In T171960 we're creating a script that adds page numbers and the table of contents to a PDF file. The script will be written in Python. Once the script is ready, how should we expose it be used by other services/extensions? The goal is to take a PDF generated by ElectronRenderService and post-process it and provide the output to the requesting service.

Should we:

  • Use a WSGI server compliant python web framework such as Falcon or Flask?; or
  • Should we just create a package and make it available via Pypi; or
  • Bundle it as a dependency of Extension:Collection and execute the scripts from PHP?

Outcomes

  • Decide on how to expose the script above.
  • We document how we exposed the library for future projects.

See also

Related Objects

StatusSubtypeAssignedTask
Resolved JKatzWMF
InvalidNone
StalledNone
InvalidNone
DuplicateNone
DeclinedNone
InvalidNone
InvalidNone
Resolved bmansurov
Invalidovasileva
Resolvedovasileva
ResolvedJdlrobson
Resolvedpmiazga
Resolvedphuedx
Resolvedovasileva
Invalidovasileva
Resolvedphuedx
Resolvedphuedx
ResolvedJdlrobson
InvalidNone
Resolvedovasileva
InvalidNone
Resolved dpatrick

Event Timeline

bmansurov renamed this task from Expose PDF post-processing library to Expose HTML concatenation and PDF post-processing scripts.Aug 18 2017, 3:58 PM
bmansurov updated the task description. (Show Details)
bmansurov renamed this task from Expose HTML concatenation and PDF post-processing scripts to [Spike] Expose HTML concatenation and PDF post-processing scripts.Aug 18 2017, 4:14 PM
bmansurov renamed this task from [Spike] Expose HTML concatenation and PDF post-processing scripts to [Spike] How should the HTML concatenation and PDF post-processing scripts be exposed for use by Extension:Collection.

@bmansurov: Before starting T171838: Build out article concatenation according to requirements for books, would it be worth investigating this so that it can be folded into your decision to try to build out the concatenation in Python?

@phuedx, we can investigate this in parallel. I don't think the outcome of this spike affects the implementation of T171838: Build out article concatenation according to requirements for books as we can choose either option (suggested in the description) and not worry about changing the implementation of T171838.

bmansurov renamed this task from [Spike] How should the HTML concatenation and PDF post-processing scripts be exposed for use by Extension:Collection to [Spike - 8 hours] How should the HTML concatenation and PDF post-processing scripts be exposed for use by Extension:Collection.Aug 23 2017, 5:44 PM

Here are some pros and cons from a developer's point of view.
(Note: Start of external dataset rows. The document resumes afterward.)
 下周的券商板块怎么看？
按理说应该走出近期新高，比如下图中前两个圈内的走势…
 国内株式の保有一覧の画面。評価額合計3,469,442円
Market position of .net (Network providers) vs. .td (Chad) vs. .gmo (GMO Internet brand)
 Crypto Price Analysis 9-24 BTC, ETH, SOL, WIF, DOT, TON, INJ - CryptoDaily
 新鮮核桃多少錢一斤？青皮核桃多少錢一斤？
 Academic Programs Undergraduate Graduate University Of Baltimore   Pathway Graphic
To choose the best approach (which may not be in the identified approaches), we need some domain expertise from SRE, Release-Engineering-Team, and Services. I wonder who the best people to talk to here is (cc @phuedx).

A standalone service

Why do it this way

  • Expertise. The foundation has projects like Wikimetrics that are build this way. Wikimetrics runs on Flask.
  • Scalability. Depending on the load, more virtual server instances can be spun off. Someone more familiar with this should clarify.
  • Security. Since Python scripts won't be run in the same environment as MediaWiki, their impact to other parts of the system will be limited to the instances they are running on. This is not a huge advantage because our code and third party libraries will go through a security review first. However, it's still desirable to know that bugs in software don't cause system-wide harm.
  • ?

Why not do it this way

  • Overhead of creating and maintaining a new service.
  • ?

A Python package

Why do it this way

  • Availability. By default Python is available on our servers (which are either Ubuntu or Debian). Needs clarification on whether MediaWiki extensions are allowed to run Python scripts from PHP or whether the Python executable has been masked.
  • Simplicity. No need to configure an external service.
  • ?

Why not do it this way

  • Scalability. Depending on the size of the book that's beeing generated, concatenation and PDF post-processing can be resource consuming processes. This may affect the MediaWiki environment that the scripts are running in.
  • ?

Executable files

Why do it this way

  • Availability. We can use something like Pyinstaller to generate stand-alone executables and call these executables from PHP.
  • ?

Why not do it this way

  • Complexity. We'll be adding one more step (in addition to the actual development of the codebase) - the execution generation step to achieve the same result. If a Python executable is available on the system already, there is no need to go this route. We may as well call python some_script.py.
  • ?

More info

Please chime in with your suggestions/improvements.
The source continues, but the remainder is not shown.